While schmoozing around the West Coast in search of development facilities, I was taking side trips for speaking gigs. From the text, it appears I was thinking that I was going to end up at the University of Washington… which would have been wonderful, but that didn’t happen. Ah, retrospect. Anyway, here I was visiting Cal State Fresno to do a talk sponsored by the ACM, IEEE, and the university’s student association. As often happened, a reporter from the local paper dropped by…

by Jim Steinberg
Fresno Bee
November 6, 1992
Photo by Ralph V. Thronebery

Steve Roberts, who has spent several years traveling the U.S. on a bicycle with computers, brings his technology to Fresno.

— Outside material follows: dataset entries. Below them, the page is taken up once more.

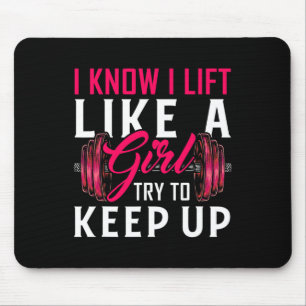 Lift als een meisje bodybuilding gewicht training  muismat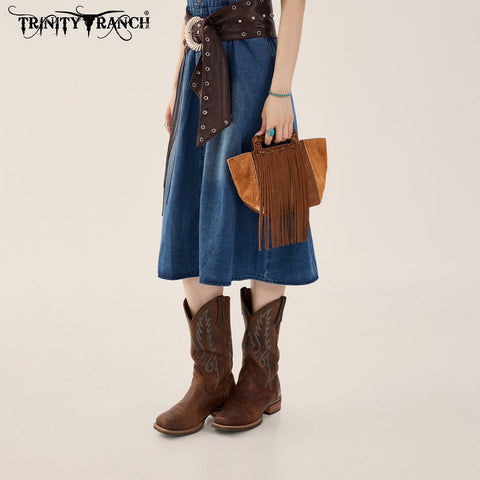 Trinity Ranch Fringe Cowhide Tote Bag
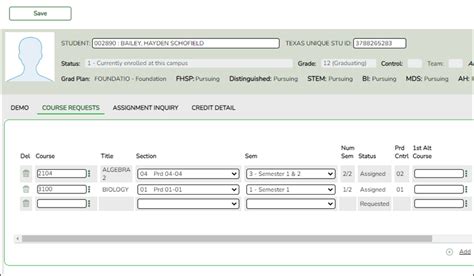 ASCENDER Scheduling - Change a Student's Schedule (Before MTGR) [Student]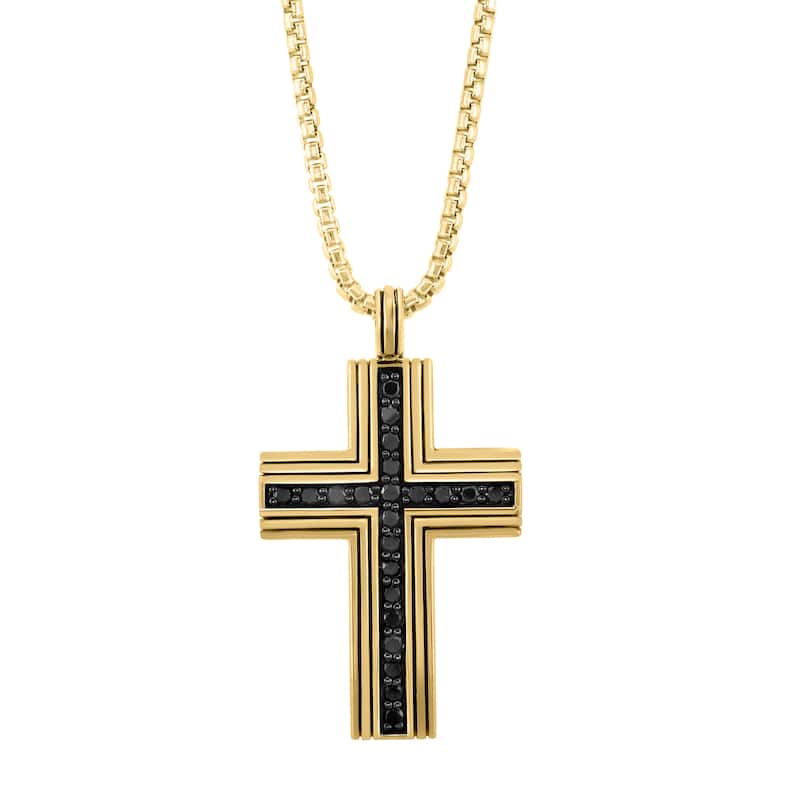 EFFY Men's Gold-Plated 925 Sterling Silver Black Spinel Cross Pendant Necklace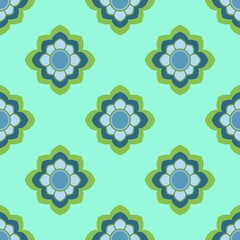 Symmetrical Floral Vector Seamless Repeat Design In Blue And Green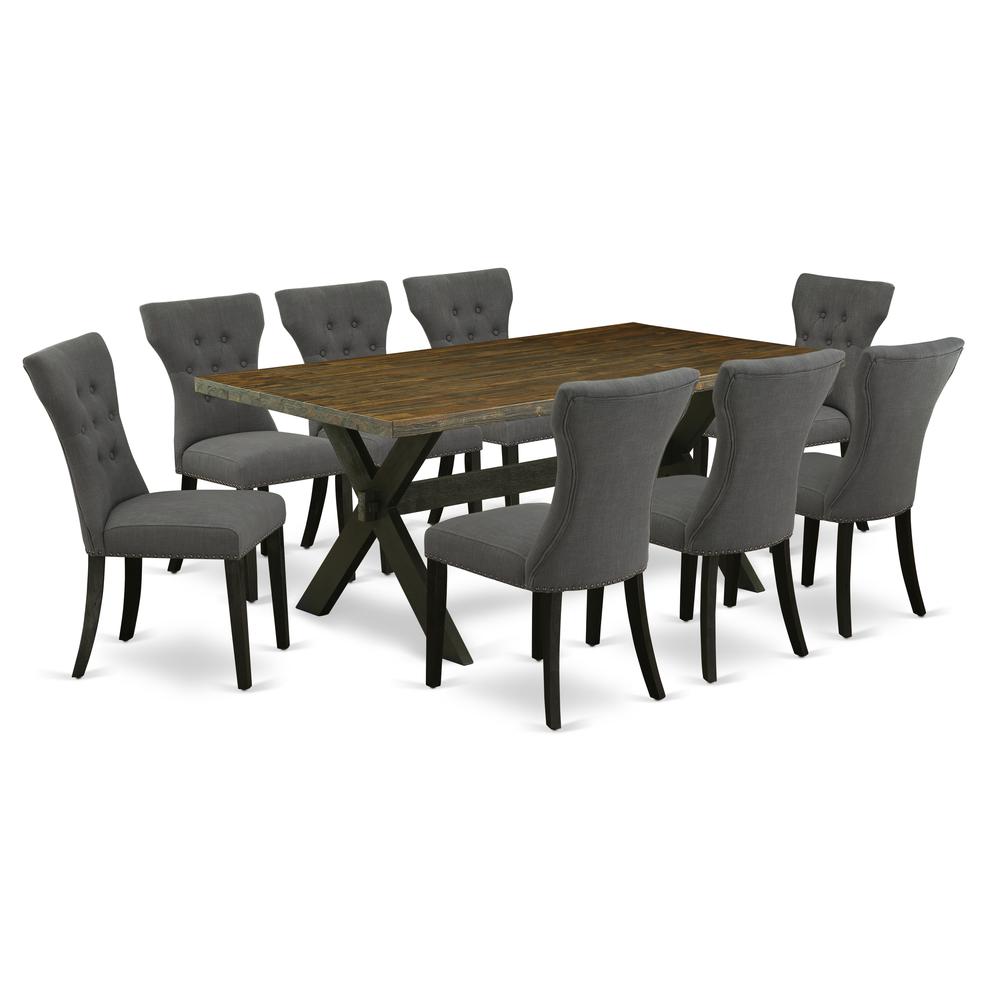 East West Furniture X677Ga650-9 - 9-Piece Dining Room Table Set - 8 Parson Chairs and Table Hardwood Frame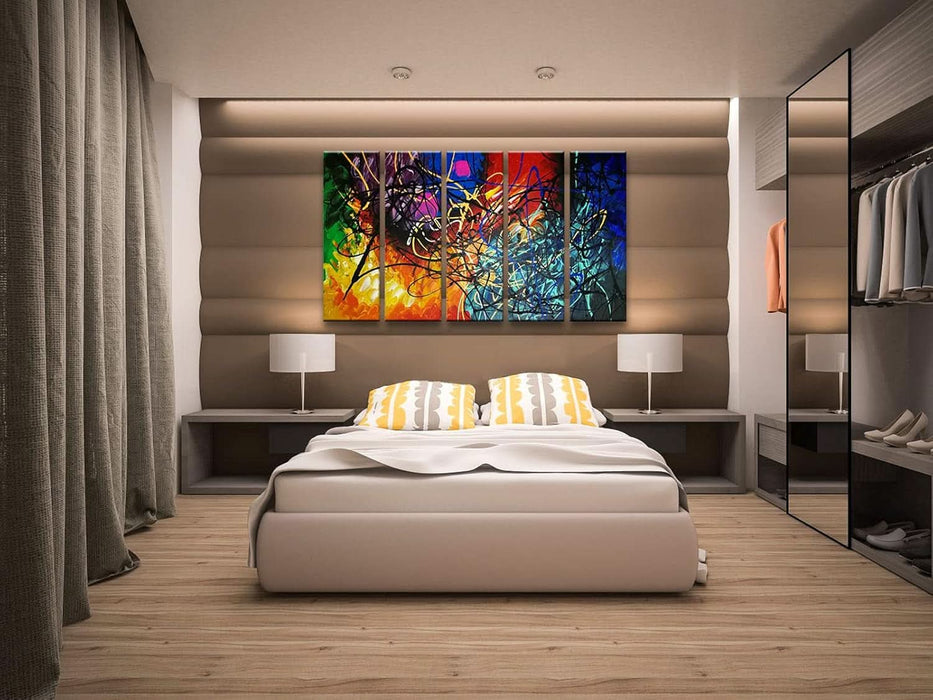 5 Panels Abstract Heart Oil Paintings Reproduction on Canvas Wall Art Decor Ready to Hang for Home Office Decorations Extra Large Modern 100% Hand Made Contemporary Impressionist Artwork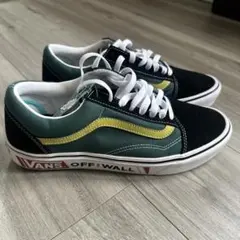 VANS Old Skool ブラック/グリーン スニーカー　新品27.5cm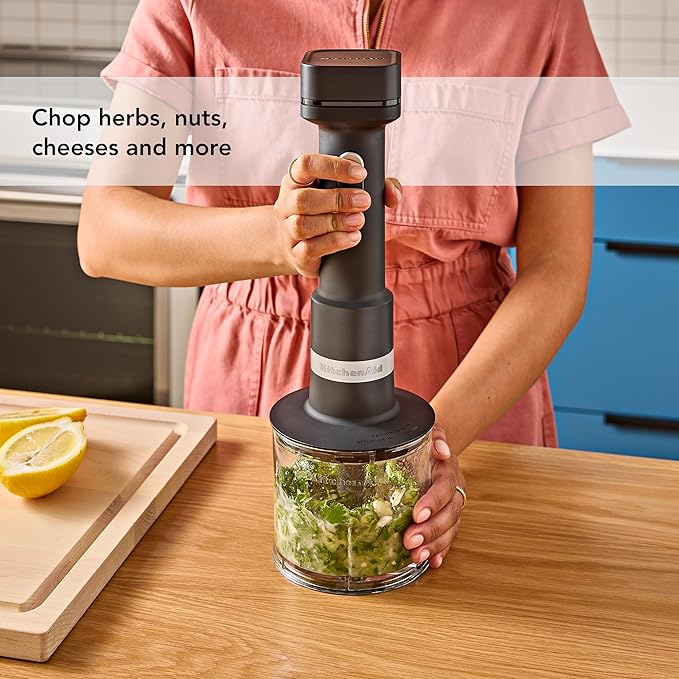 KitchenAid Go Cordless Hand Blender with Accessories - battery included, KHBRV75, Black Matte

Steve Roberts — nomad biker, gadget freak, writer, engineering computer whiz and romantic passion-seeker — pedaled his high-tech Behemoth bicycle to Fresno State University on Thursday, a man without a home.

Roberts has traveled 16,000 miles. A geographical home is for him a convention that modern communications make unnecessary.

Roberts, 40, lives free and apart — but connected to the world through technology on his recumbent (reclining) bicycle. He knows people he never has seen. He works brain to brain instead of face to face.

He has defined his life according to his discovery of a link: Communications technology and the ability to live as a nomad.

Roberts spoke to computer science students and others, sponsored by the Association for Computing Machinery, the Institute for Electrical and Electronic Engineers and the Associated Students Inc. They paid him $500.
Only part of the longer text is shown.